Mountain in the American state of California

Red Mountain is a mountain summit on the divide of the Diablo Range in Santa Clara County, California. It lies at the northeastern edge of San Antonio Valley, along the border with Stanislaus County, California.

== Magnesite mining ==
Red Mountain is linked to Livermore, California by Mines Rd., and historically was the site of several magnesite mines, the two major mines being the Red Mountain Mine and the Western Mine. One book claims that the deposits on the mountain are the purest known as of 2007, although a USGS report notes that the quality varied between the veins. Mining began in 1905, long after they were discovered due to their long distance from the railroad. A number of magnesite veins are arranged conveniently around a small valley, visible from miles away due to their striking white color. Deposits near the mountain's summit resemble "unglazed porcelain".

As of 1908 the only magnesite-mining company active on Red Mountain was the American Magnesite Company, which shipped it down to factories in Oakland.

According to a California State Mining Bureau report, the Red Mountain Mine site was discovered in 1915. Located on the Stanislaus County side of the mountain, and derived its water supply from a single, large spring. The site was exploited by the newly formed Red Mountain Magnesite Company, later rechristened as the W-K Company and then again in 1922 as the California Magnesite Company. The on-site buildings could accommodate about 30 people at a time.

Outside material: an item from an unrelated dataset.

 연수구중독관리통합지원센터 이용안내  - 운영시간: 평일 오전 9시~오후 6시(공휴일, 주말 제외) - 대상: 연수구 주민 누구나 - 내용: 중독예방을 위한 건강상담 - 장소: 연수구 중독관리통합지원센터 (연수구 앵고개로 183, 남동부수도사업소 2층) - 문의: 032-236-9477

The magnesite from the mines was initially hauled down to Livermore by six-horse teams pulling to wagons, but one company was using large trucks by 1918. The demand for magnesite increased during World War II due to its applications to incendiary bombs. Once the federal government canceled its contract with the mine owners in 1944, near the end of the war, the settlement that had formed around the mine was abandoned to become a ghost town within a week.